MATERIAL FOR THE TASK:

━━━

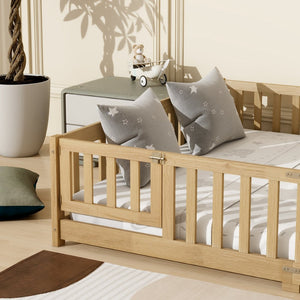 English Elm Queen Rubber Wood Floor Bed with Full Perimeter Safety Fence and Hinged Access Door Natural W504P429341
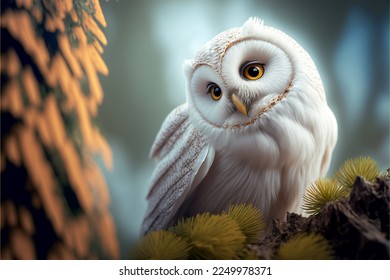 A beautiful white owl in nature, close view
 - Shutterstock ID 2249978371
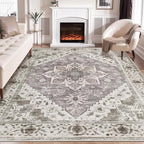 SERISSA Boho 8x10 Area Rugs, Washable Vintage Large Living Room Rug Non-Slip by SERISSAHomeDecorCollection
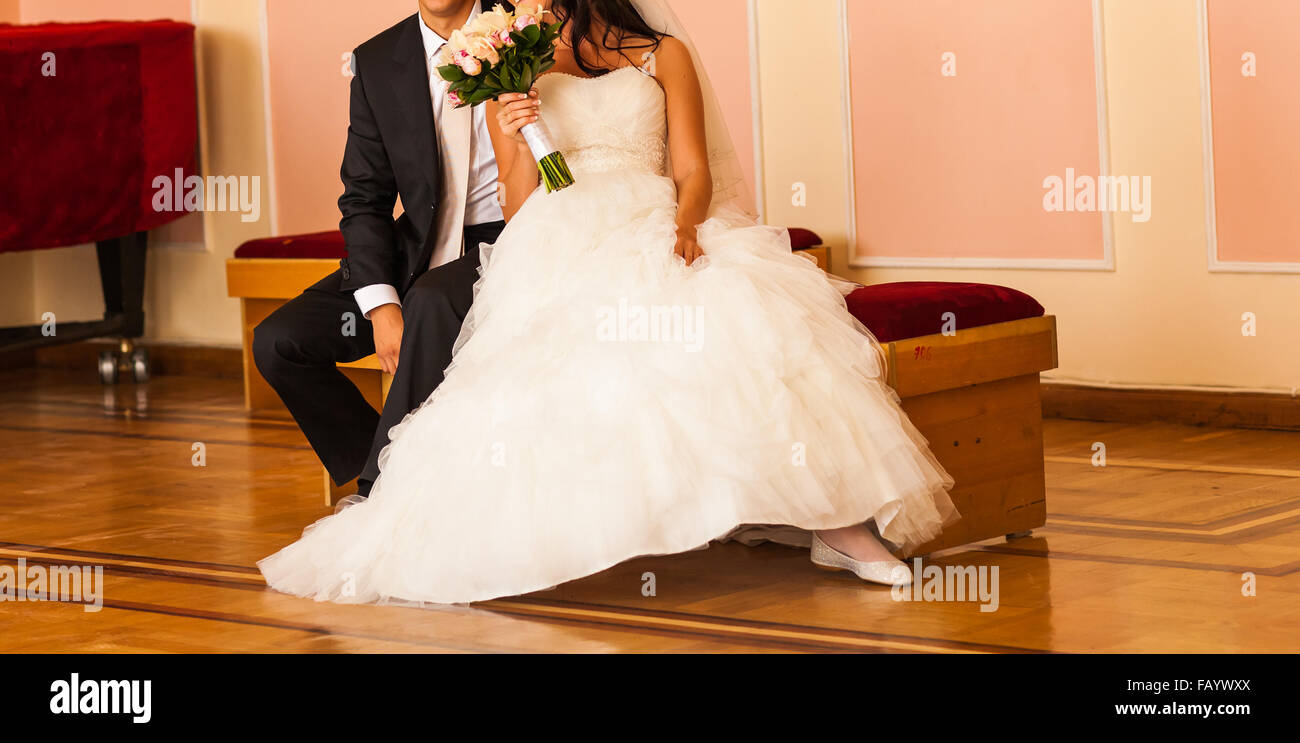 Groom bride sitting on sofa hi-res stock photography and images - Alamy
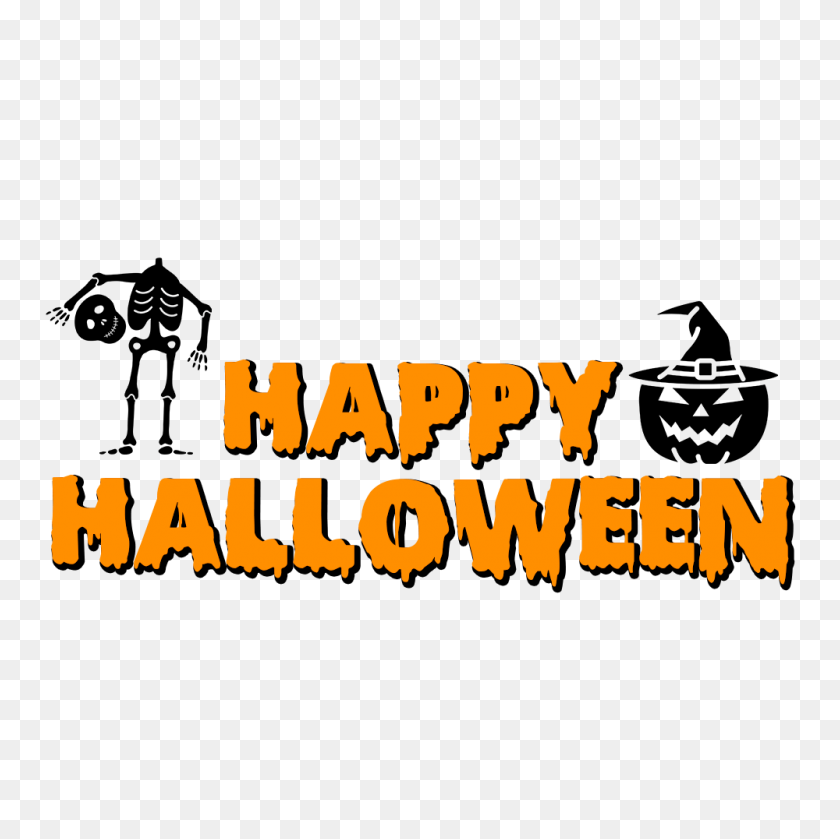 1000x1000 Happy Halloween Skeleton And Pumpkin With Witch Hat Transparent - Happy Halloween PNG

━━━

Write out the entries again, word for word. No images.

EXERCISE ANSWER:
 English Elm Queen Rubber Wood Floor Bed with Full Perimeter Safety Fence and Hinged Access Door Natural W504P429341
 A beautiful white owl in nature, close view
 - Shutterstock ID 2249978371
 SERISSA Boho 8x10 Area Rugs, Washable Vintage Large Living Room Rug Non-Slip by SERISSAHomeDecorCollection
 Groom bride sitting on sofa hi-res stock photography and images - Alamy
 1000x1000 Happy Halloween Skeleton And Pumpkin With Witch Hat Transparent - Happy Halloween PNG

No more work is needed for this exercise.